Initial Impressions:

Compared to most of the items I’ve received from DX, the packaging of the Raging light consists of a decent box with closed cell foam insert protecting the light well, so first impressions are good.

The 4 x 18650 format is quite common now, and the Raging has a handle to make handling the light easier than gripping the body.

Lifting the Raging out of the box and the overall construction feels solid with plenty of metal to help keep those 5 XM-Ls cool. The thinness of the metal used to make the handle is the only slight disappointment.

I like the different look of the five distinct reflectors and black background separating them. This is a different approach to the compound reflectors more commonly seen in multi emitter lights.








What is in the box:

The sturdy box.






Closed cell foam protects the light.






Included with the light is a lanyard and spare o-ring.

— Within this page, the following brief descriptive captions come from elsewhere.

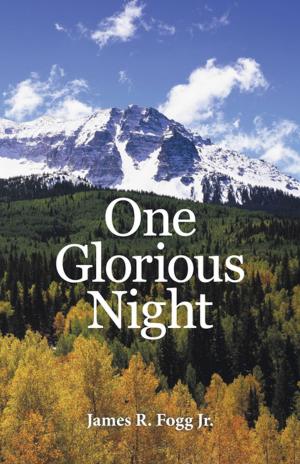 Cover of the book One Glorious Night by Tanya Packer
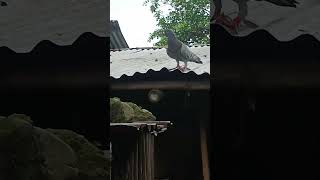 jesperlofttv pigeon birds kalapatids kalapati [upl. by Elleynod]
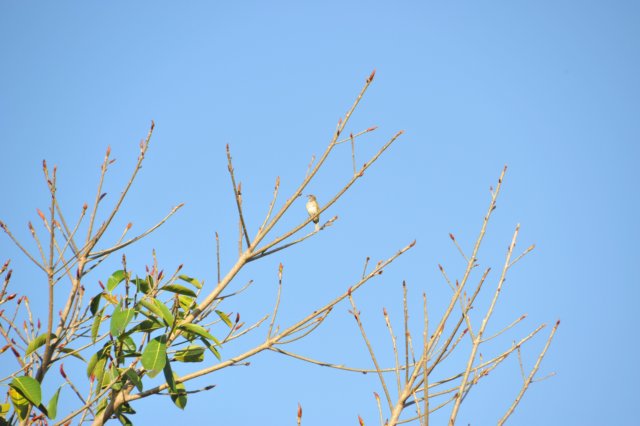 d120825k_0099.jpg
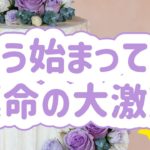 ✨💛✨もう始まってる運命の大激変✨💛✨タロット・占い・スピリチュアルカードリーディング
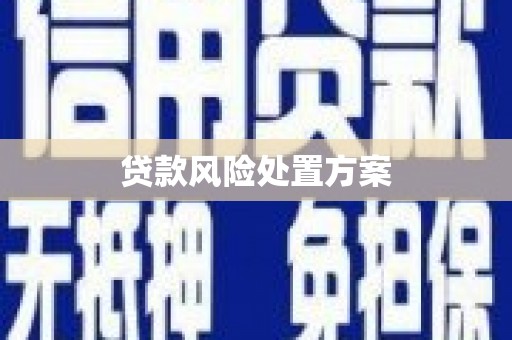 江北贷款风险处置方案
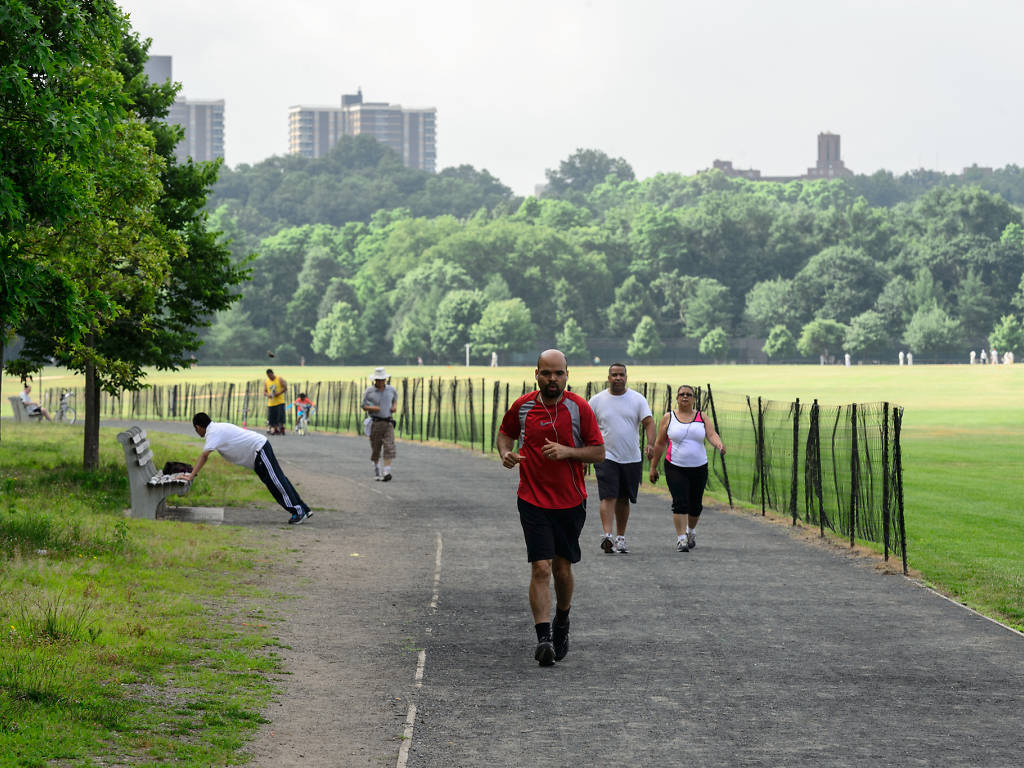 17 Best Dog Parks in New York City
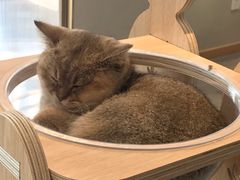 -飞行喵MR PILOT|猫舍·猫咖(静安大融城店)
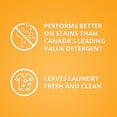 thumbnail image 5 of Arm & Hammer Détergent à Lessive Liquide Parfum Frais à L'Eau Froide, 55 Brassées, 1,63 L, 5 of 5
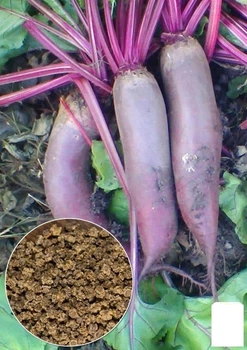 На вагу Буряк "Рокет" Agro-Market ціна за 10г (22209)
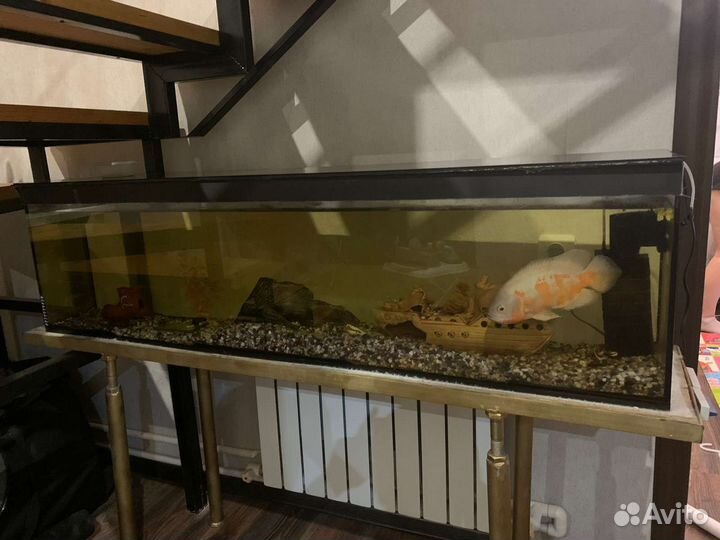 Аквариум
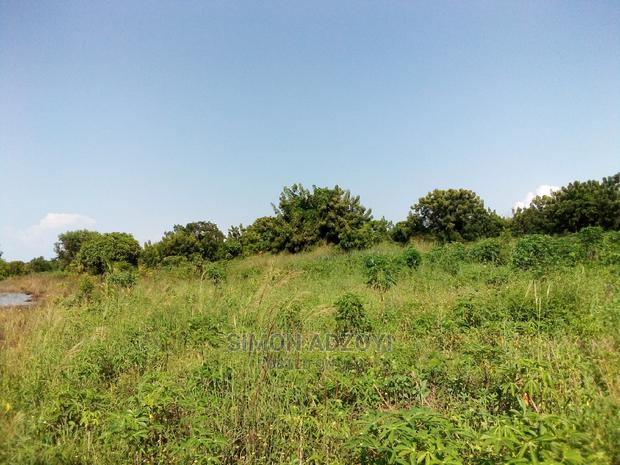 Fish Farming Land for Lease · Photo 5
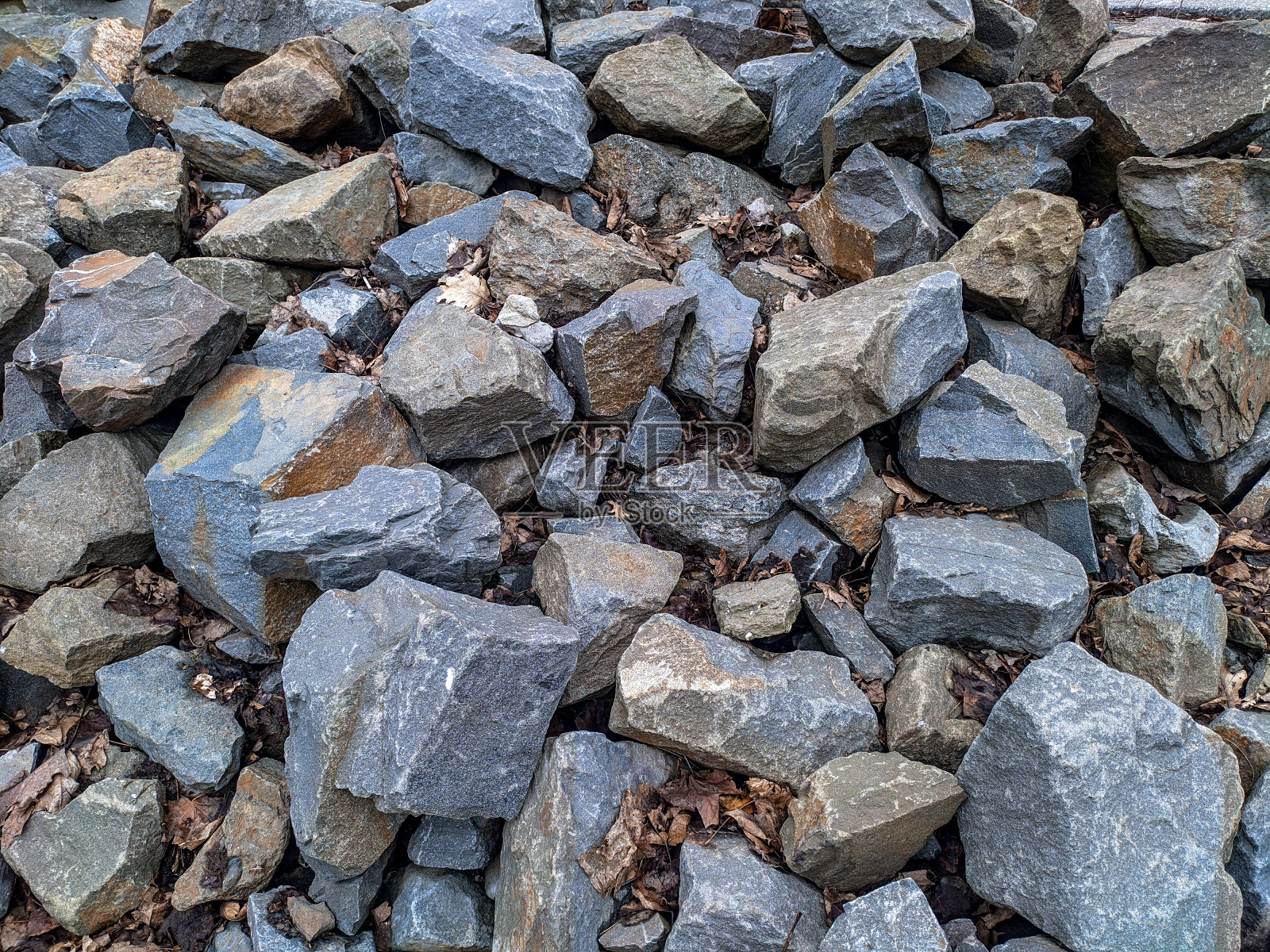 它们之间有很多石头和落叶。碎岩石。照片摄影图片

Along with a set of instructions to test your knowledge of Mandarin (I assume).








Taking a closer look and looking inside:

The business end with the five distinct emitters with dedicated reflectors. The black ‘fill’ piece acts to locate the reflectors.

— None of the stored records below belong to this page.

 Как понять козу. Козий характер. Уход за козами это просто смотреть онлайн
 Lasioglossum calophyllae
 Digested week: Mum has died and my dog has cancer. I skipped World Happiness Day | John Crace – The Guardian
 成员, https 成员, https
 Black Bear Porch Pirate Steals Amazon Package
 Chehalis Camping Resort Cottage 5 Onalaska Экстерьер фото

Looking straight into the array of reflectors and they appear yellow as the emitter surface is evenly reflected. The reflectors are well finished and you can just make out the lines in the emitter surface in the reflections.






The battery tube has a square section echoing the square battery 1S4P layout.






The graphics are printed onto rather than etched into the surface.






The tail has a single reverse clicky switch with the fixing point for the bolted on handle.






The contacts in the head for the positive battery terminals and the negative contact ring for the body. The only flaw in the finish is a bit of epoxy resin left on the head (visible at 1-2 o’clock in the photo). Removing this would most likely result in damage to the anodising so I’ve left it. Once the body is fitted this is barely noticeable.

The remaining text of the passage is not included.